Suppose someone starts logging NFS clients?  Or the clients of some other
service?  1000 would already be a bit small for that.

>Yes, it does check for overflow.

Uh, you mean that it doesn't abort on overflow, but only gives inaccurate
answers.  OK, so your example does about 1/4 of what a good example would do.

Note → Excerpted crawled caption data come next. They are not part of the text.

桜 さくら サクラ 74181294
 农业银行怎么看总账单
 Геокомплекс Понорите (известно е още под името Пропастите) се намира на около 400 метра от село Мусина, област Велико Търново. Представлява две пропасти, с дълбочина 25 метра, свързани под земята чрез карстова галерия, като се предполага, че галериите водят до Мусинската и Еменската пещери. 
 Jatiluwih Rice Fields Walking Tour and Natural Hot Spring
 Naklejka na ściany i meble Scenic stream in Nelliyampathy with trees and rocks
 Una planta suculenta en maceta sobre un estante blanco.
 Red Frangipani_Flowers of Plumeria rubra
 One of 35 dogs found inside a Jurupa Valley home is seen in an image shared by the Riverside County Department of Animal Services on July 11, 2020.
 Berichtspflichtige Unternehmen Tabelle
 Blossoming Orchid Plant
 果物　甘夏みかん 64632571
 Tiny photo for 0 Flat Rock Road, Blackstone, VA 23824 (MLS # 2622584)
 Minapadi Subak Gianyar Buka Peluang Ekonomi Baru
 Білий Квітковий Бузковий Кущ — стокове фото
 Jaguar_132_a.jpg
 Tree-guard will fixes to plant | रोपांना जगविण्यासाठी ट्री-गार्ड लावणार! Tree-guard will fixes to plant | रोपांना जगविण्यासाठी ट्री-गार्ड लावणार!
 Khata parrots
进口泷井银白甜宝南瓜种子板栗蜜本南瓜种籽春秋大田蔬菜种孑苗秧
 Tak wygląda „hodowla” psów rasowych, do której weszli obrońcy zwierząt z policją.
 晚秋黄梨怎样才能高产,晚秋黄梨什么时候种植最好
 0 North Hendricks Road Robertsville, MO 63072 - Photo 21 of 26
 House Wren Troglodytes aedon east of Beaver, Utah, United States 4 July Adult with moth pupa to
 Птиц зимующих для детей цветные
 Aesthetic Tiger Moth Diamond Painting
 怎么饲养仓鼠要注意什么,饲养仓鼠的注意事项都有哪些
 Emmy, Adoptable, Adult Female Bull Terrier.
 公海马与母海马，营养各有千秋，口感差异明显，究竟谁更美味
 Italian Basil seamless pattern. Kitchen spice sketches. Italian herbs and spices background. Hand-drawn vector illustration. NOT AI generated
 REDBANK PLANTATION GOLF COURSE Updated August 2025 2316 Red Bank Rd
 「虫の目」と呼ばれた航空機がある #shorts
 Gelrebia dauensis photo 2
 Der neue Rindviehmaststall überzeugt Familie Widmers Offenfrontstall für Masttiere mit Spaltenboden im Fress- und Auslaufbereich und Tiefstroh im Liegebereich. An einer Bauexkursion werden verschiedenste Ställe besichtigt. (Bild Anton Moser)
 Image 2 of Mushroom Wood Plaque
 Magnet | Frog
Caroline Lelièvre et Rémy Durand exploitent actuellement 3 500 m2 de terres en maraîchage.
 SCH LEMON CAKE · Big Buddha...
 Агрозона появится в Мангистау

>Dan Bernstein's hack of reading utmp twice and allocating
>50 extra slots in case more users log in between the two is, when you
>come down to it, *no better*.  Just more complicated.  Worse, in fact,
>since he *doesn't* check for overflow.

If I had seen that posting, and if Mr. Bernstein had made some claim about
adequacy, and if I had the time, I would have criticized that too.  In fact,
if I had seen the posting, and given the hypocrisy that you attributed to
him (which I deleted, sorry), then it wouldn't matter if I had the time;
I'd've flamed him ;-) .  But I didn't see it, sorry.
--
Norman Diamond       diamond at tkov50.enet.dec.com
If this were the company's opinion, I wouldn't be allowed to post it.